◆ **TASK**
Skip the images; return every entry exactly.

Captioned web image data:
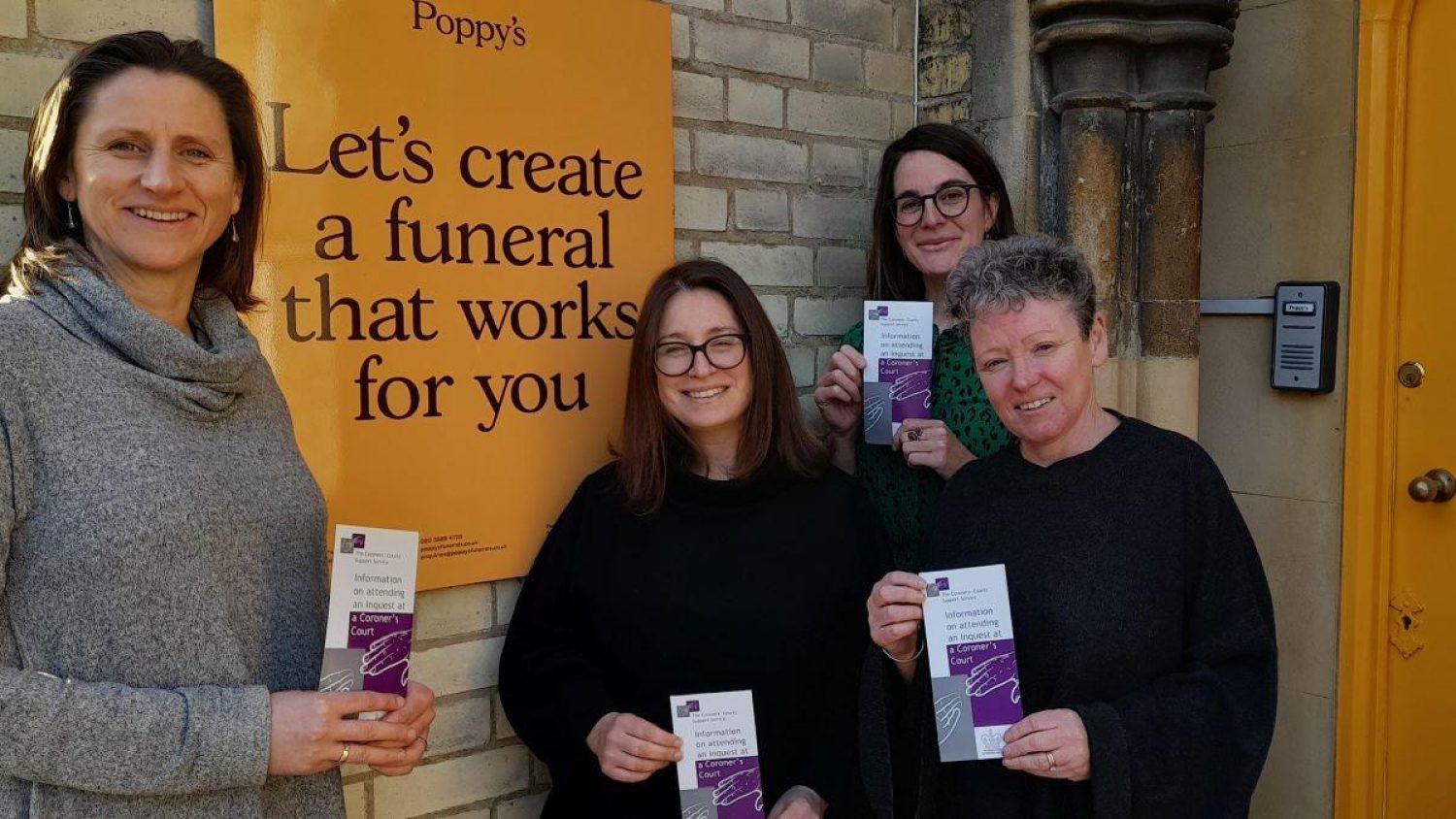 Four women outside Poppy's HQ with Coroner's Court Support Service leaflets. Sign says: Let's create a funeral that works for you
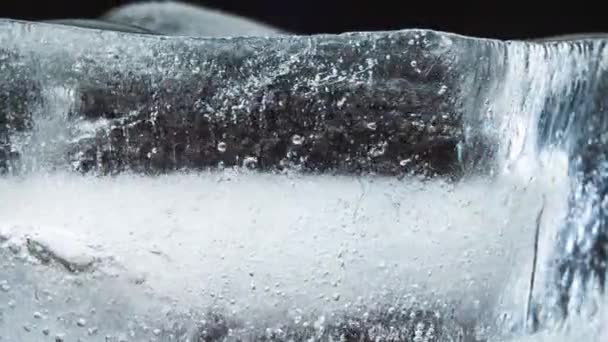 Hielo se derrite y gira sobre un fondo negro. Cronograma — Vídeos de Stock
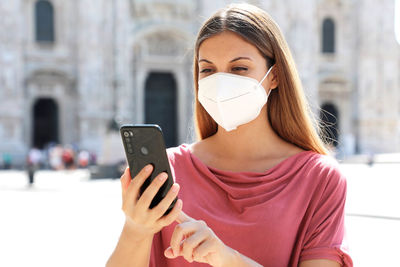 Close-up of young woman wearing flu mask using smart phone outdoors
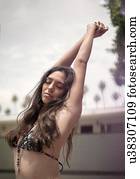 Young woman in bikini enjoying fresh air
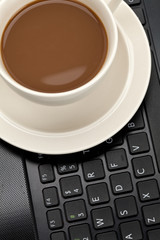 Coffee cup and computer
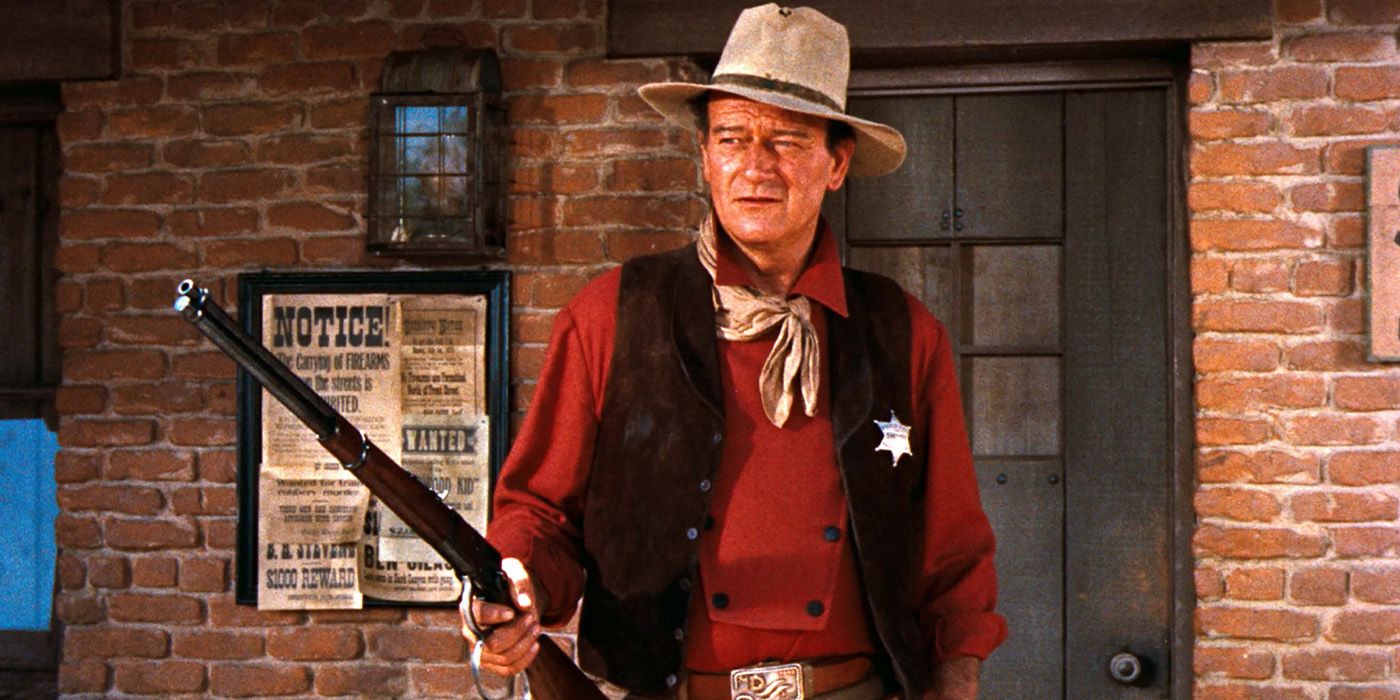 Džons Veins kā Džons T. Šaute ar savu šauteni 'Rio Bravo'.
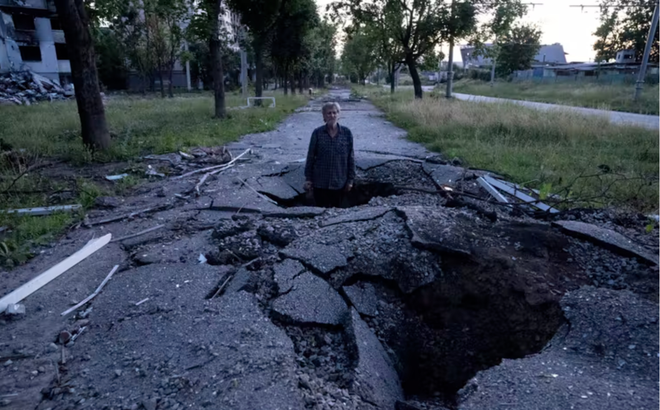 Một người đứng trong miệng hố tên lửa ở Kharkiv, Ukraine, ngày 1/7/2022. Ảnh: AP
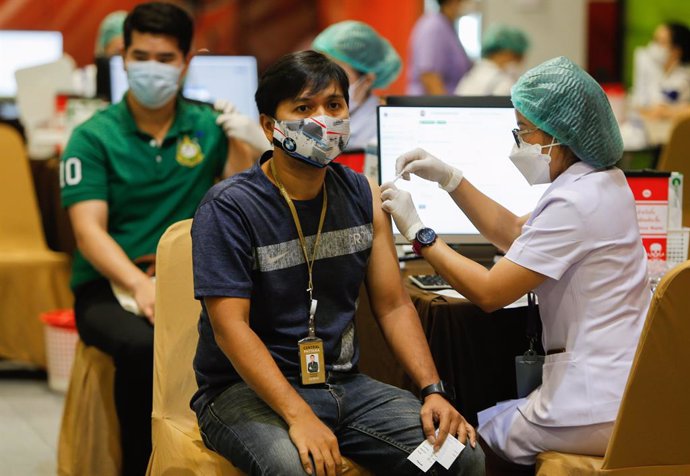 Una trabajadora sanitaria vacuna a un hombre en Tailandia.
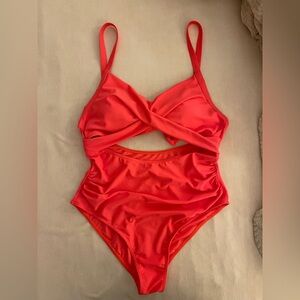 One piece bright red-orange one piece with mid drift cut out.  Size large.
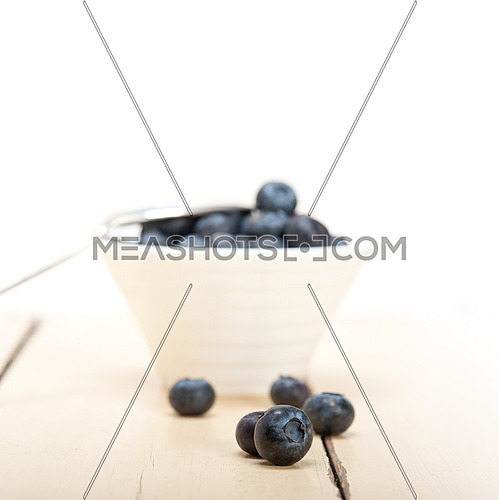 fresh blueberry on a bowl with silver spoon over wood table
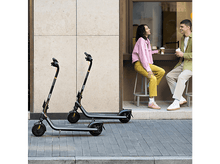 Charger l&#39;image dans la galerie, Deux scooters garés sur un trottoir. Un couple est assis à une table en arrière-plan.
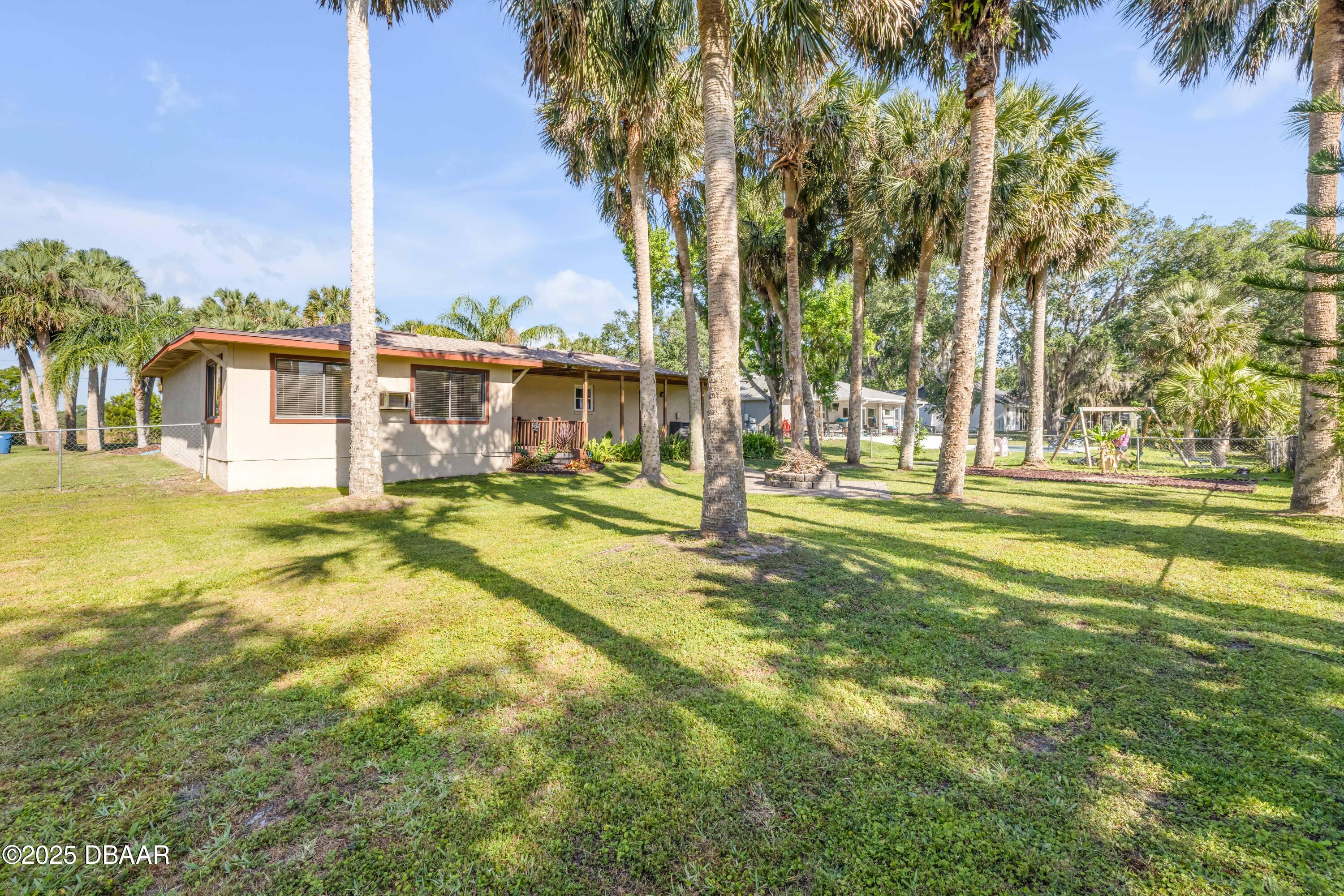 1617 Hontoon Road DeLand, FL 32720 - Photo 36 of 43 a view of a swimming pool with a lawn chairs under palm trees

◆ **SOLUTION BELOW**
 Four women outside Poppy's HQ with Coroner's Court Support Service leaflets. Sign says: Let's create a funeral that works for you
 Hielo se derrite y gira sobre un fondo negro. Cronograma — Vídeos de Stock
 Close-up of young woman wearing flu mask using smart phone outdoors
 Young woman in bikini enjoying fresh air
 Coffee cup and computer
 Džons Veins kā Džons T. Šaute ar savu šauteni 'Rio Bravo'.
 Một người đứng trong miệng hố tên lửa ở Kharkiv, Ukraine, ngày 1/7/2022. Ảnh: AP
 Una trabajadora sanitaria vacuna a un hombre en Tailandia.
 One piece bright red-orange one piece with mid drift cut out.  Size large.
 fresh blueberry on a bowl with silver spoon over wood table
 Charger l&#39;image dans la galerie, Deux scooters garés sur un trottoir. Un couple est assis à une table en arrière-plan.
 1617 Hontoon Road DeLand, FL 32720 - Photo 36 of 43 a view of a swimming pool with a lawn chairs under palm trees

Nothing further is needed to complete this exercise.